AMA Reacts to President Obama: More Regulation Wouldn’t Have Prevented White House “Drone” Incident

DC Airspace is Already Heavily Regulated, Community-based Programming is Key to Safe and Responsible Flying


Charlotte McCoy

(202) 777-3509

MUNCIE, Ind. —The Academy of Model Aeronautics (AMA), the world’s largest model aviation association, today released the following statement in response to President Obama’s comments calling for more regulation of unmanned aircraft after yesterday’s “drone” crash at the White House.

While the White House ‘drone’ incident is sparking calls for more regulations, the fact is, more regulation isn’t the answer. The Washington, DC, airspace is some of the most heavily regulated airspace in the world, and all aircraft operations are currently prohibited in the vicinity of the White House. Despite the existing regulations, a quadcopter still made its way onto the White House lawn this week,” said AMA President Bob Brown.

“Community-based programming is the key to safe and responsible flying, as our organization’s 78-year history has shown. AMA has safety guidelines, best practices and operating principles that have allowed enthusiasts to operate their aircraft and safely use this technology for more than seven decades. When an incident occurs, it’s a rare day when one of AMA’s 175,000 members is involved.

“AMA has always believed that the best, and perhaps the only, way to successfully manage the recreational community is through a community-based set of safety guidelines and the combined efforts of the FAA and AMA. The FAA’s recent interpretation of the Special Rule for Model Aircraft has complicated our working relationship, but it is our hope that the agency will work with us to forge a path forward for the recreational community that finds common ground on the Interpretive Rule and leverages AMA’s deep expertise when it comes to safe and responsible flying.”

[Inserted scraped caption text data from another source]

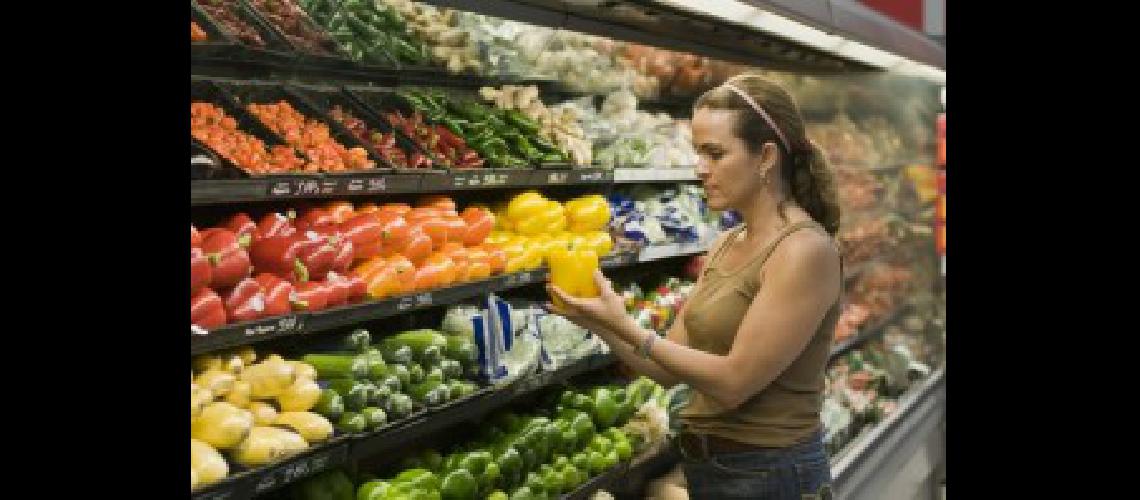 compras-de-supermercado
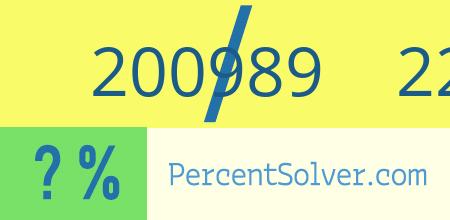 What is 200989 out of 226288 as a percentage ? 200989 out of 226288 as a percent
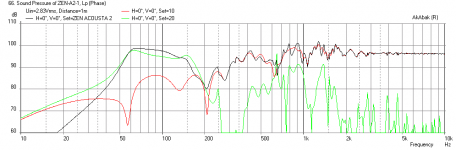 ZenAcousta2-DX4-Freq-1m-60in-wall-high-stuffing.png
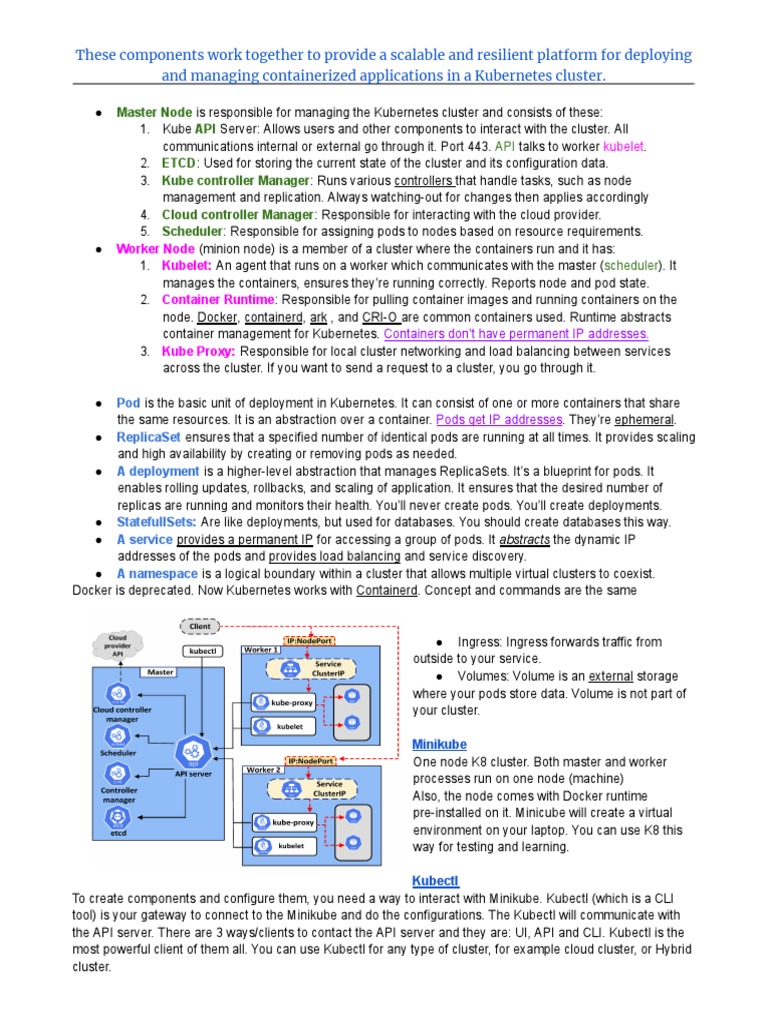Kubernetes Cluster Management Guide | PDF | Port (Computer Networking ...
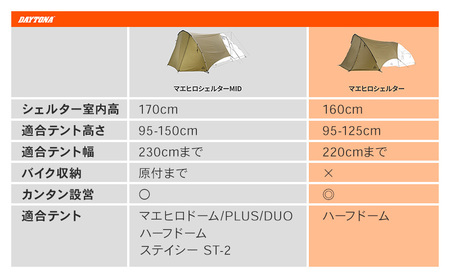 マエヒロシェルター コヨーテ キャンプ 軽量 コンパクト ツーリングテント 静岡県 森町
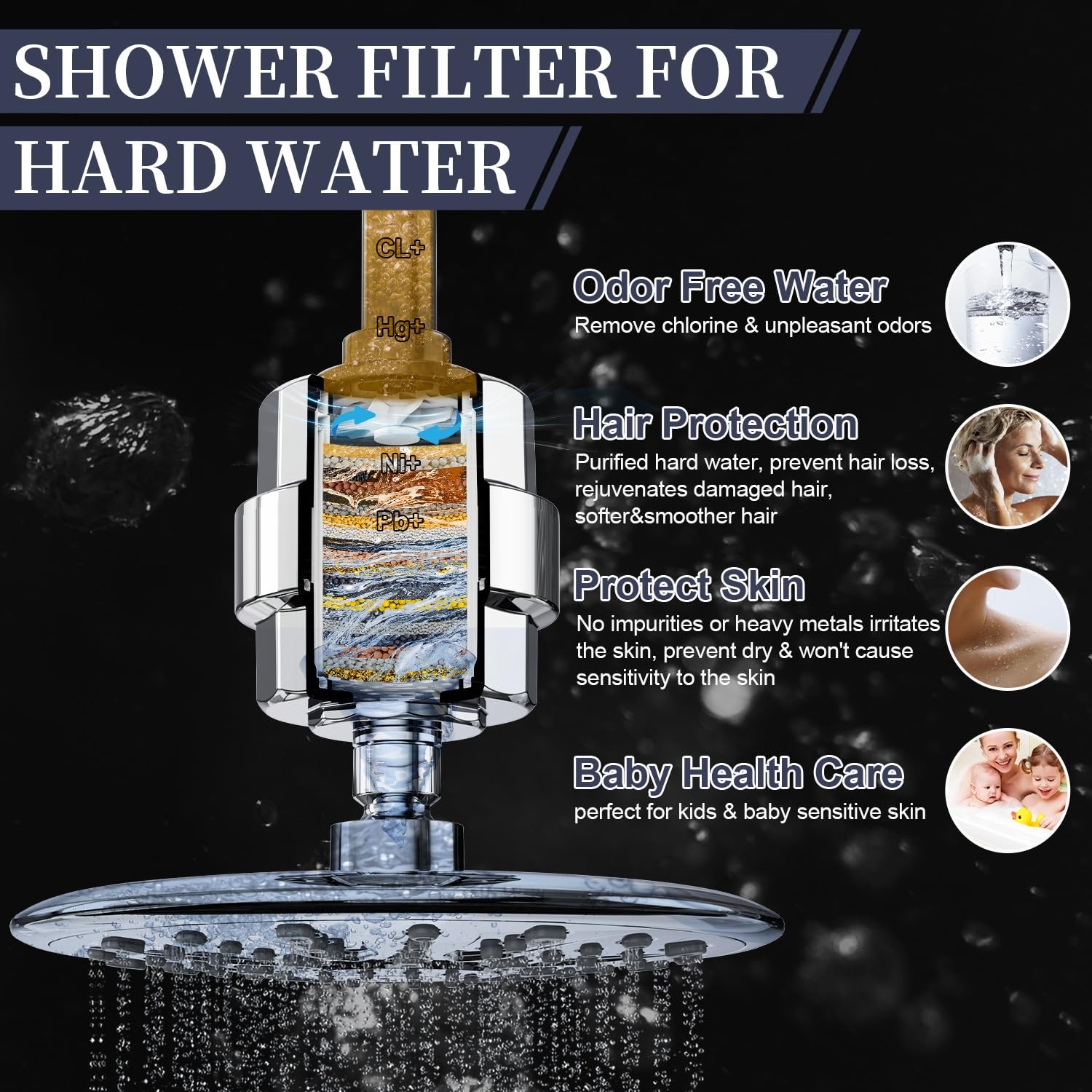 Shower Filter, EMBATHER 20 Stage Head ef of 2 pk, Polished Chrome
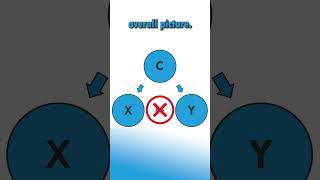 Simpson's Paradox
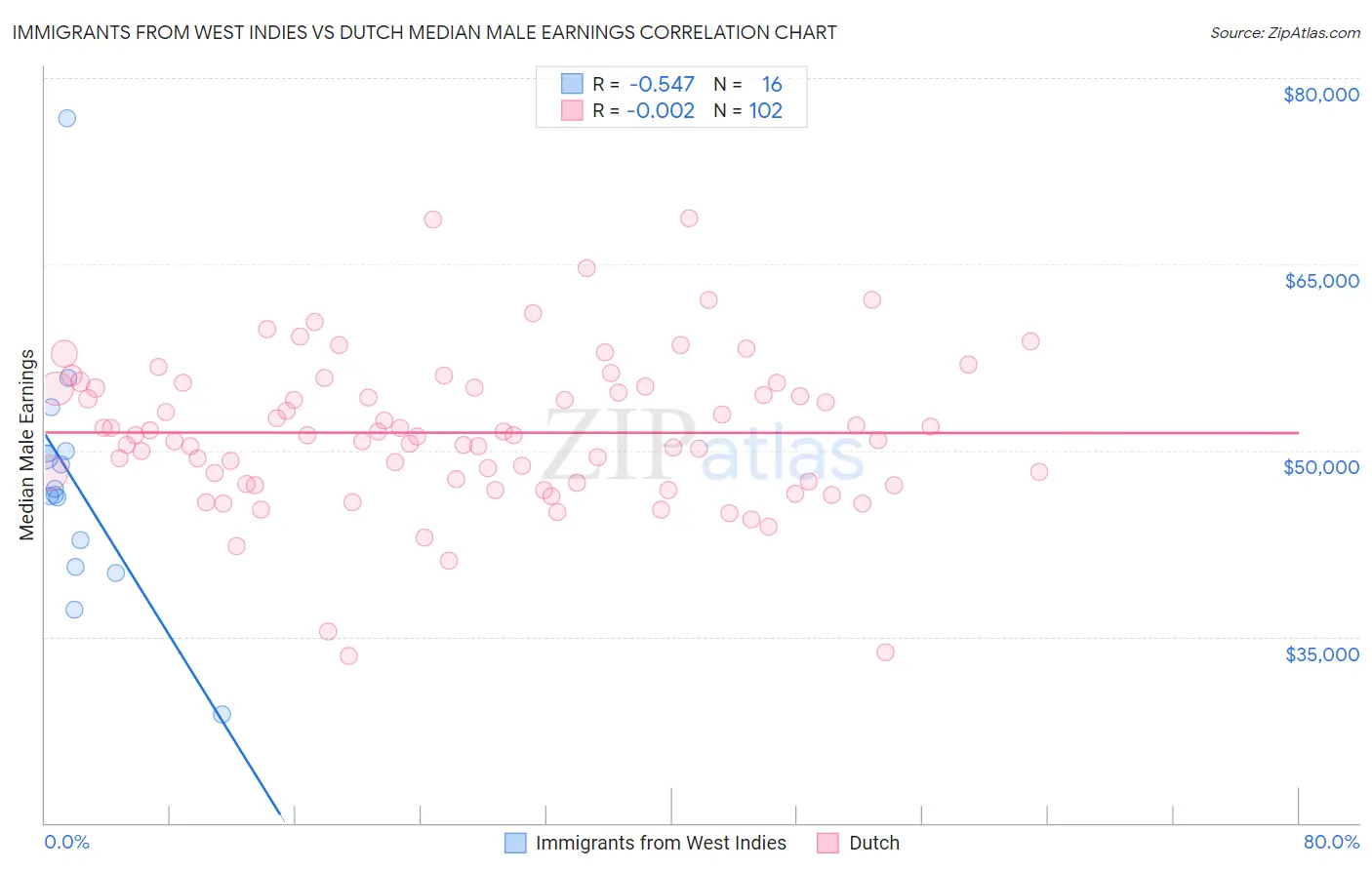 Immigrants from West Indies vs Dutch Median Male Earnings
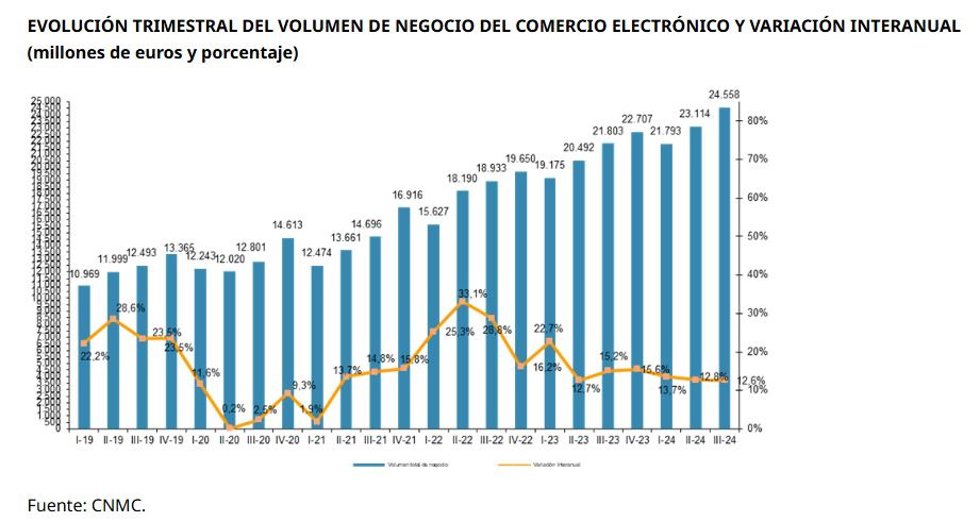 Evolución trimestral del volumen de negocio del comercio electrónico y variación interanual (millones de euros y porcentaje)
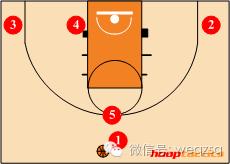 如何根据防守站位选择进攻方式,后卫必学十大进攻技巧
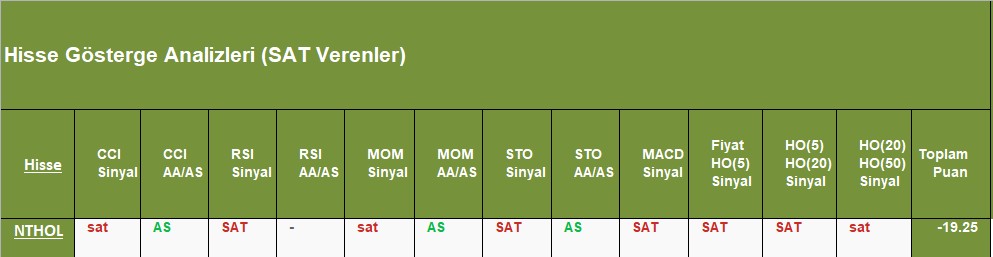 SAT sinyali veren hisseler 7.11.2018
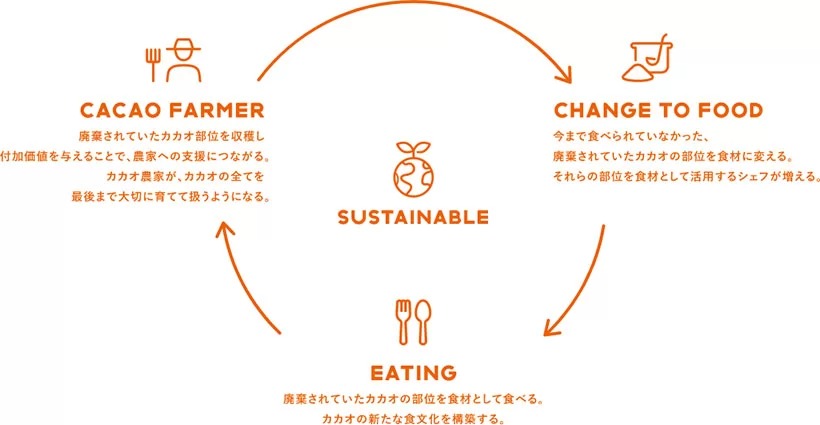 【LIFULL Table】食べることが地球のためになる、地球の新たな食材を見つけるプロジェクト『地球料理 -Earth Cuisine-(アース・キュイジーヌ)』 第三弾発表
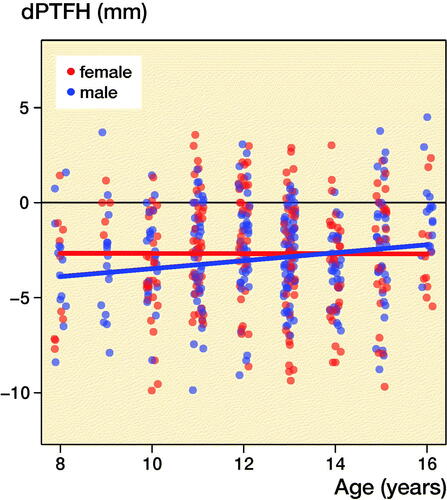 Figure 4. Scatterplot of age vs. dPTFH including the regression lines resulting from the linear mixed model presented in Table 2.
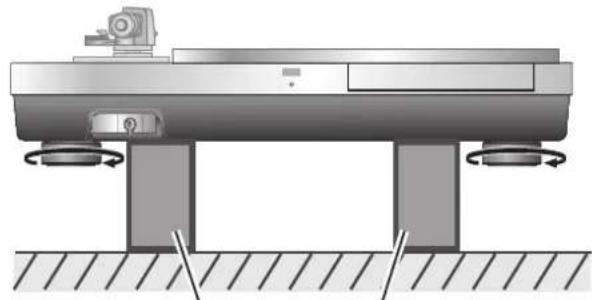TECHNICS SH1000R - Huomio - 1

Just last week the AMA sent a letter to FAA Administrator Michael Huerta offering the organization’s “expertise and knowledge in support of the FAA’s effort to create guidance for the operation of recreational sUAS in the NAS.” A copy of the letter is attached.




About AMA

The Academy of Model Aeronautics, founded in 1936, continues to be devoted to national airspace safety. It serves as the nation’s collective voice for approximately 175,000 modelers in 2,400 clubs in the United States and Puerto Rico. Headquartered in Muncie, Indiana, AMA is a membership organization representing those who fly model aircraft for recreation and educational purposes.



  1. I am concerned that our entire sport and industry of model aviation are in jeopardy! There are simply too many manufacturers making too many inexpensive remote controlled aircraft without proper recognition or coordination with the AMA. When a quadcopter hits a commercial aircraft or causes a massive mishap of some sort – the inevitable government clampdown will be repressive to say the least. There must be a much more aggressive campaign by the AMA to get all manufacturers to include AMA membership information and basic flying rules in every single aircraft package they sell. In fact, manufacturers should be actively seeking the prestigious privilege, as monitored by the AMA, to display the “AMA-approved” logo on their marketing material! The AMA can set stringent parameters that justify the display of such a logo. At the very least, a campaign of this sort would elevate the importance of education and information for novice pilots “right out of the box” about how to responsibly use their aircraft. There may be substantial collateral benefits to having the AMA being seen as more proactive in this regard.

    1. Just such a campaign was launched on December 22, 2014. The “Know Before You Fly” campaign is a joint effort between the AMA, the Association for Unmanned Vehicle Systems International (AUVSI) and the Small UAV Coalition and is aimed at getting UAS manufactures and distributors to put the Know Before You Fly safety material in the packaging of UAS products.

      Learn more about the KBYF campaign at,

      Rich Hanson
      AMA Government and Reguatory Affairs

  2. Funny you mention only new drones, quad copter, multi rotor pilots, of crashing into full sized aircraft.
    What about all the fixed wing RC craft with fpv cameras and tons of people flying them for years now with little or No regulation ?
    And many of these same people being registered ama guys.. Flying a fixed wing rc airplane way beyond Vlos fully immersed with fpv goggles on that can exceed 90 mph and way beyond legal altitude for any rc aircraft.
    Go look it up on YouTube there’s plenty of videos…
    I’ve personally witnessed one guy flying a bixler fixed wing rc plane out to Three plus miles and was at 2800 ft altitude…when I showed concern for his flight he said oh rc guys hobby was being ruined by drones and the guys who fly em…. Wrong.
    So when you point the finger at rc multi rotor operators you need to get real with yourself, ama or not.
    I’m 61 flown rc aircraft since I was 17. Rc Multi rotors I own three for photography, they are registered with the FAA.